**THE DATA**:

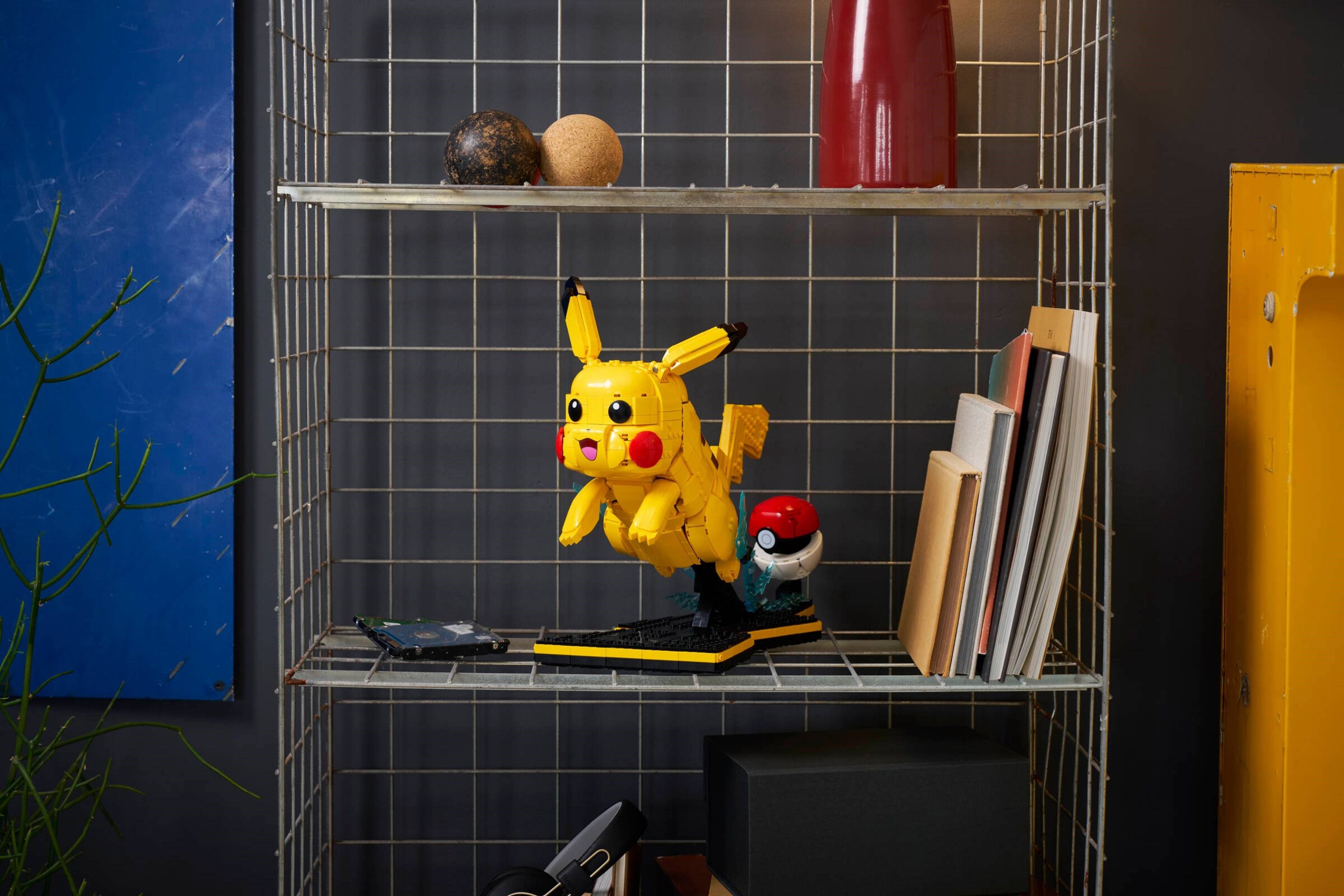 Additional photo of brand new factory sealed LEGO Pokémon Pikachu and Poké Ball set 72152.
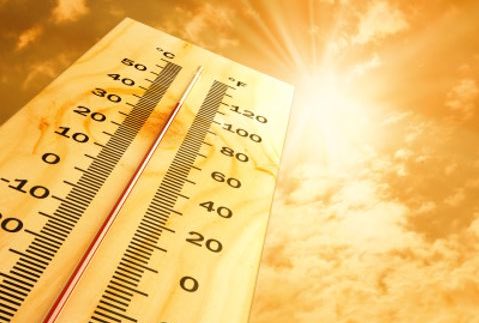 basz_berlin's tweet photo. Amtliche Warnung vor #Hitze für Berlin - Gültig vom 14. bis 15.08.23 bis 19:00 Uhr.

Wie lassen sich heiße Tage besser ertragen? Was können Sie tun, um sich und Ihre Mitmenschen vor Hitzefolgen zu schützen?

ℹ️ https://t.co/6barif13vW

#Steglitz-#Zehlendorf https://t.co/Vb93L8VthT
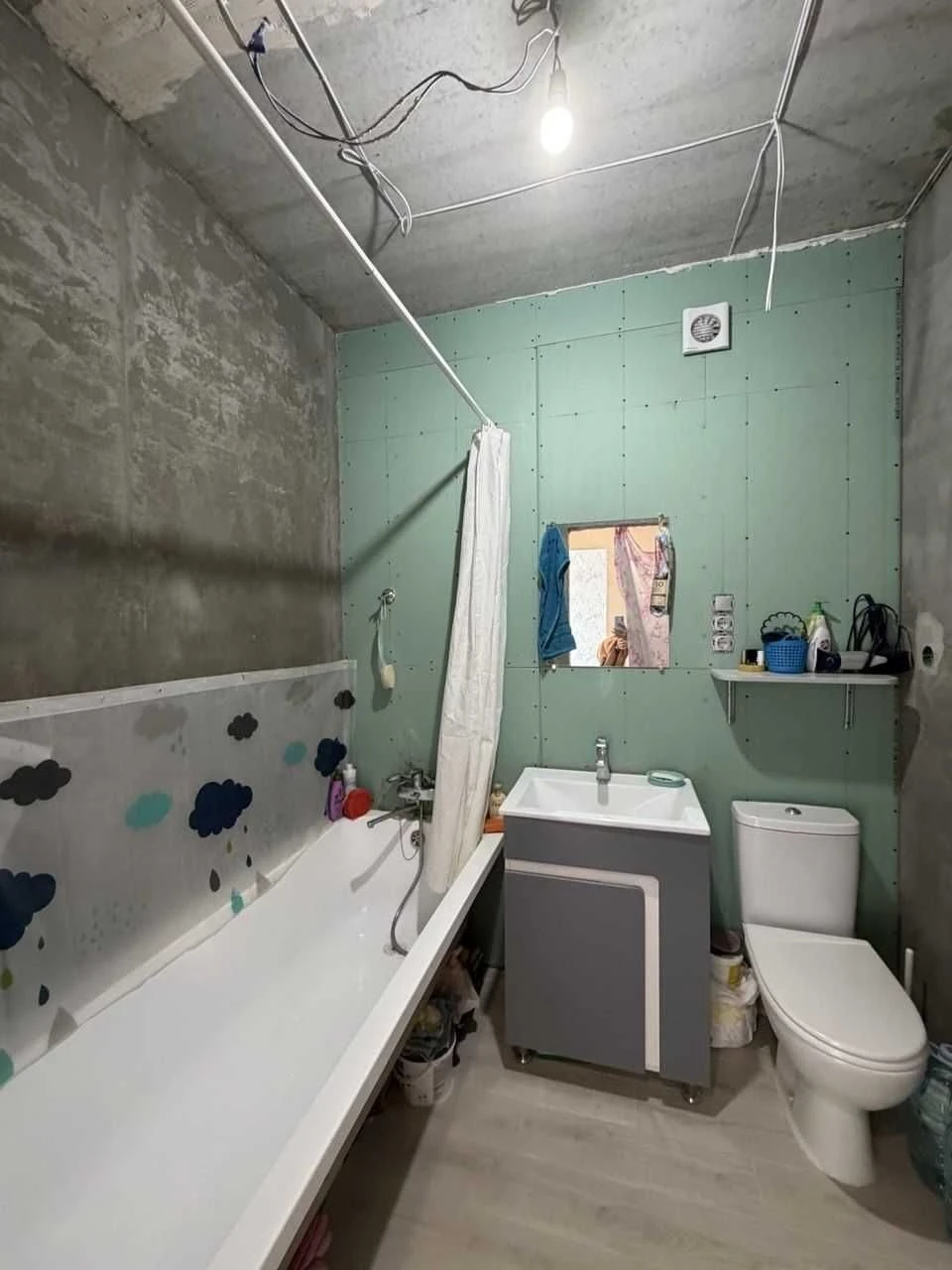 For Sale: 1-Bedroom Apartment in "Raduzhny-2" Residence, New Buildings District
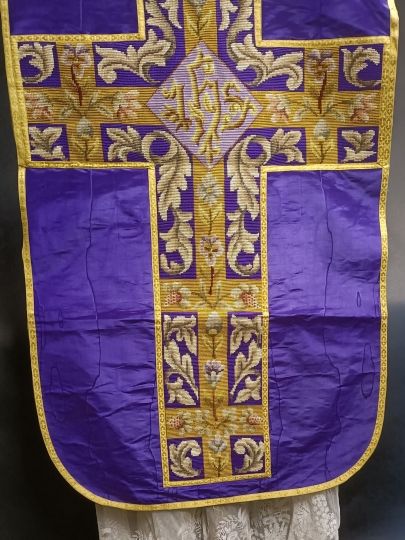 Purple latin chasuble in silk moire Circa 1900 Complete set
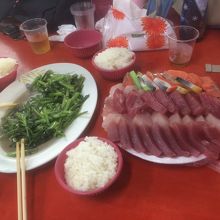 3日目刺身40切れと空心菜の炒め物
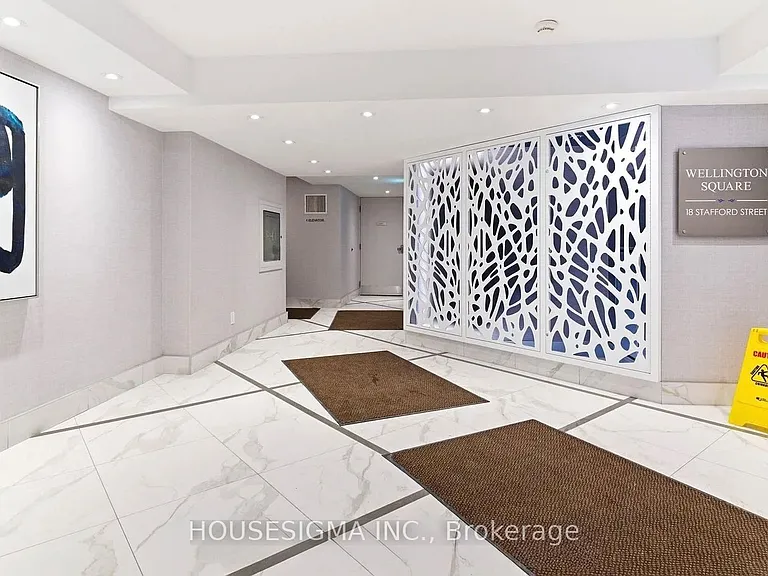 18 Stafford St #508 — Photo 4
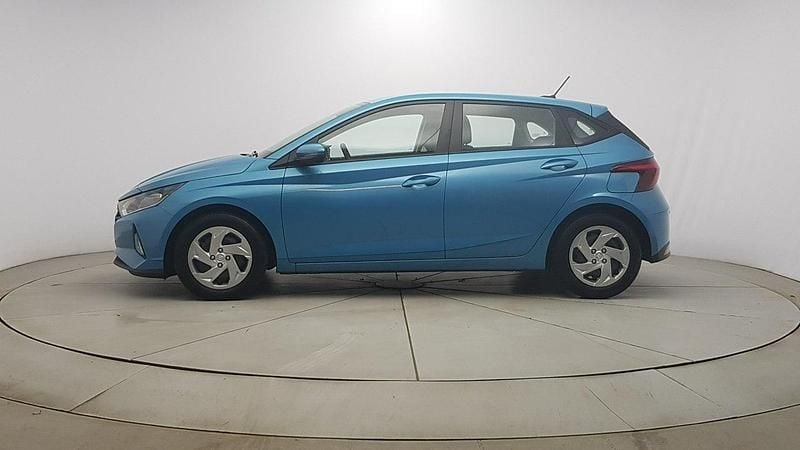 Używany Hyundai i20 84 KM (61 kW) 2022 Niebieski Hatchback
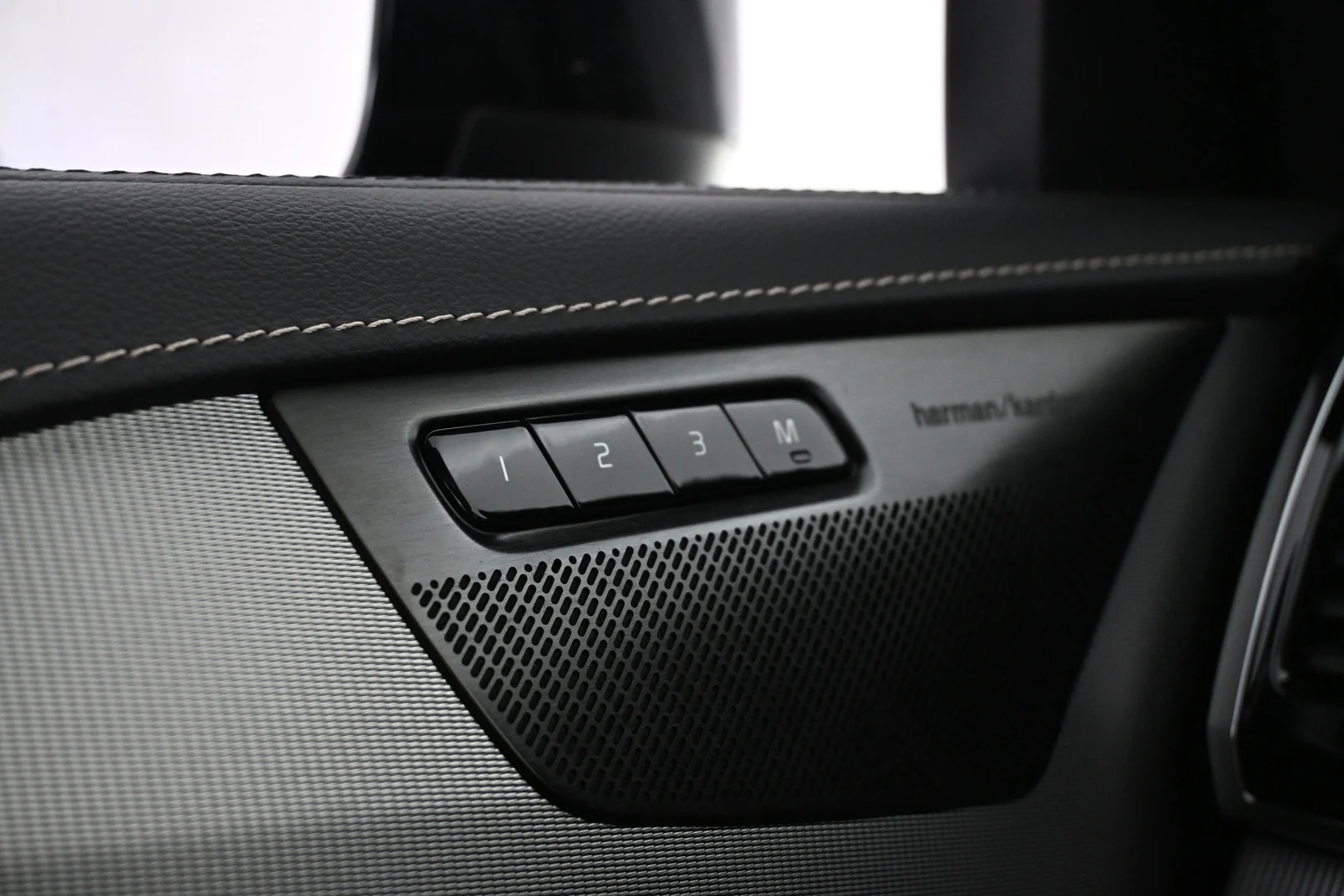 Car Image - 1AMuG9Je06uX0evOAEOkYc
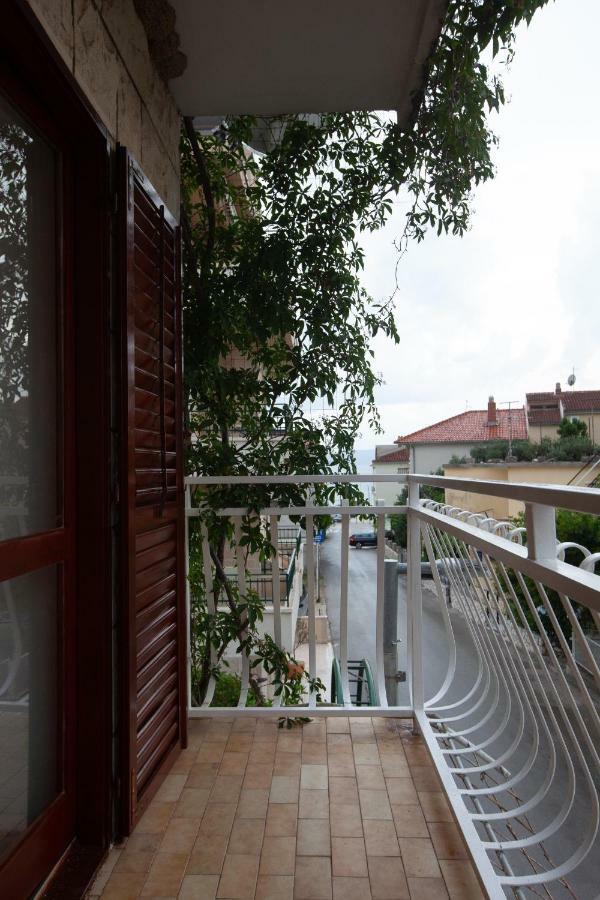 Apartmani Tina Podgora Buitenkant foto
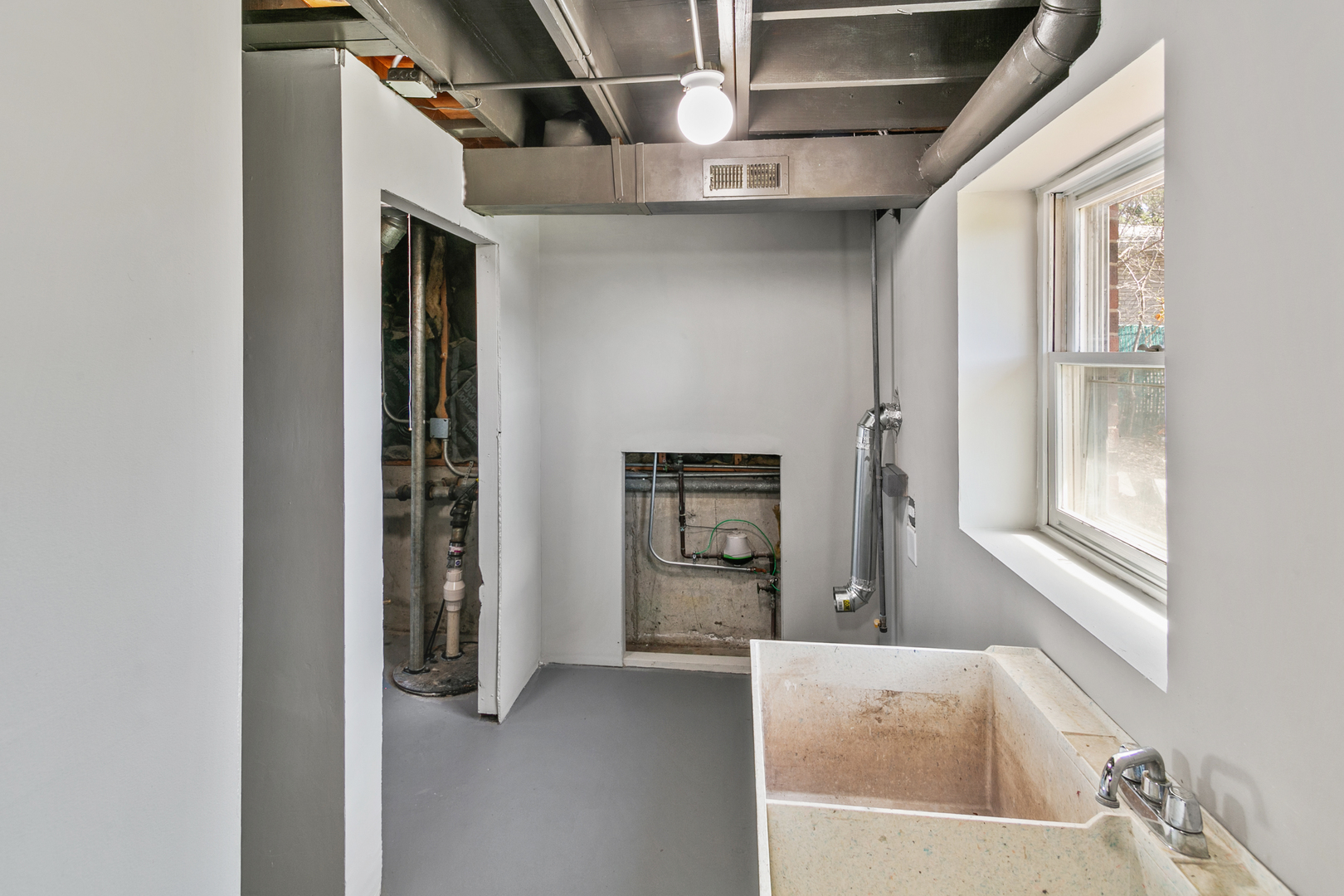 6151 Victoria Drive, Oak Forest, IL 60452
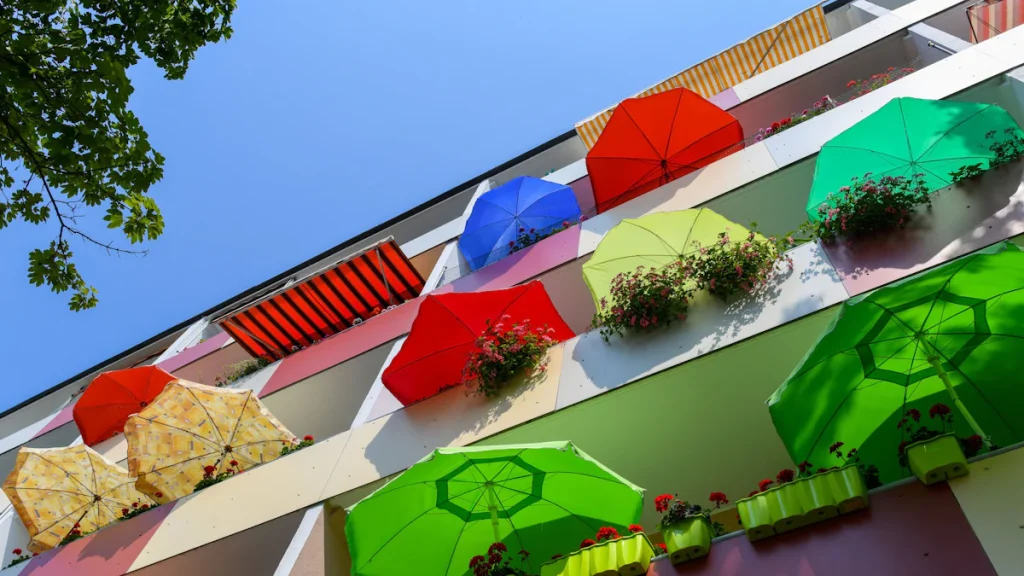 Law: Do tenants have to secure the parasol on the balcony? – Style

**ASSIGNED TASK**: Would you repeat the entries exactly, but with no pictures?

**EXPECTED ANSWER**:
 Additional photo of brand new factory sealed LEGO Pokémon Pikachu and Poké Ball set 72152.
 basz_berlin's tweet photo. Amtliche Warnung vor #Hitze für Berlin - Gültig vom 14. bis 15.08.23 bis 19:00 Uhr.

Wie lassen sich heiße Tage besser ertragen? Was können Sie tun, um sich und Ihre Mitmenschen vor Hitzefolgen zu schützen?

ℹ️ https://t.co/6barif13vW

#Steglitz-#Zehlendorf https://t.co/Vb93L8VthT
 For Sale: 1-Bedroom Apartment in "Raduzhny-2" Residence, New Buildings District
 Purple latin chasuble in silk moire Circa 1900 Complete set
 3日目刺身40切れと空心菜の炒め物
 18 Stafford St #508 — Photo 4
 Używany Hyundai i20 84 KM (61 kW) 2022 Niebieski Hatchback
 Car Image - 1AMuG9Je06uX0evOAEOkYc
 Apartmani Tina Podgora Buitenkant foto
 6151 Victoria Drive, Oak Forest, IL 60452
 Law: Do tenants have to secure the parasol on the balcony? – Style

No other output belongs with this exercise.